_ASSIGNMENT:_ Beginning at the line that includes "Honda. Civic เดิมๆสวยพร้อมใช้ Honda.", print each remaining line of the data word for word. Output nothing else.

_DATA RECORDS:_

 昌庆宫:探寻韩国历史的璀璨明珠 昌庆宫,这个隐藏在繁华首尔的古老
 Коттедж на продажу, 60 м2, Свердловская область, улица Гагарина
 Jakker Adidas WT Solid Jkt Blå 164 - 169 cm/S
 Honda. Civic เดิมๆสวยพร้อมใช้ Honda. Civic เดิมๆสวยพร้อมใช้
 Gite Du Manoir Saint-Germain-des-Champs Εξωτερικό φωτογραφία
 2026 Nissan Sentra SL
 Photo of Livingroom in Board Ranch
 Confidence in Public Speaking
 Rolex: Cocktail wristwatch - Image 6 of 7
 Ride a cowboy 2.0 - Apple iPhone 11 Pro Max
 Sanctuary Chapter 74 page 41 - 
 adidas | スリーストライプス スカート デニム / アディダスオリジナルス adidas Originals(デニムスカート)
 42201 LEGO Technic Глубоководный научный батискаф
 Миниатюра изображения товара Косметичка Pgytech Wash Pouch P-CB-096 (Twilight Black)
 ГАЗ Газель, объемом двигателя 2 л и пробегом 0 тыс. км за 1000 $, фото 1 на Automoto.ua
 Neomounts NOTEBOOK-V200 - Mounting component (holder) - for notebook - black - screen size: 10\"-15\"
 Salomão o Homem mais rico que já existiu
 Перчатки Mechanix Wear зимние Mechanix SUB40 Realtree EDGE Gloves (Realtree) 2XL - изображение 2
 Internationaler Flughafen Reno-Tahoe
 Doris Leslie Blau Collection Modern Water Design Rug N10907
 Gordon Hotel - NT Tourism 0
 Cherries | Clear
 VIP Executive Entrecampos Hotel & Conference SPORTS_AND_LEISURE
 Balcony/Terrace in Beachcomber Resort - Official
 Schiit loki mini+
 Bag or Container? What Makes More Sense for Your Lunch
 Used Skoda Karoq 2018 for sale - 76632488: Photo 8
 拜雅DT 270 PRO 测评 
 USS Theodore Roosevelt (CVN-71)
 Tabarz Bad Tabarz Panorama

_WORKED SOLUTION:_
 Honda. Civic เดิมๆสวยพร้อมใช้ Honda. Civic เดิมๆสวยพร้อมใช้
 Gite Du Manoir Saint-Germain-des-Champs Εξωτερικό φωτογραφία
 2026 Nissan Sentra SL
 Photo of Livingroom in Board Ranch
 Confidence in Public Speaking
 Rolex: Cocktail wristwatch - Image 6 of 7
 Ride a cowboy 2.0 - Apple iPhone 11 Pro Max
 Sanctuary Chapter 74 page 41 - 
 adidas | スリーストライプス スカート デニム / アディダスオリジナルス adidas Originals(デニムスカート)
 42201 LEGO Technic Глубоководный научный батискаф
 Миниатюра изображения товара Косметичка Pgytech Wash Pouch P-CB-096 (Twilight Black)
 ГАЗ Газель, объемом двигателя 2 л и пробегом 0 тыс. км за 1000 $, фото 1 на Automoto.ua
 Neomounts NOTEBOOK-V200 - Mounting component (holder) - for notebook - black - screen size: 10\"-15\"
 Salomão o Homem mais rico que já existiu
 Перчатки Mechanix Wear зимние Mechanix SUB40 Realtree EDGE Gloves (Realtree) 2XL - изображение 2
 Internationaler Flughafen Reno-Tahoe
 Doris Leslie Blau Collection Modern Water Design Rug N10907
 Gordon Hotel - NT Tourism 0
 Cherries | Clear
 VIP Executive Entrecampos Hotel & Conference SPORTS_AND_LEISURE
 Balcony/Terrace in Beachcomber Resort - Official
 Schiit loki mini+
 Bag or Container? What Makes More Sense for Your Lunch
 Used Skoda Karoq 2018 for sale - 76632488: Photo 8
 拜雅DT 270 PRO 测评 
 USS Theodore Roosevelt (CVN-71)
 Tabarz Bad Tabarz Panorama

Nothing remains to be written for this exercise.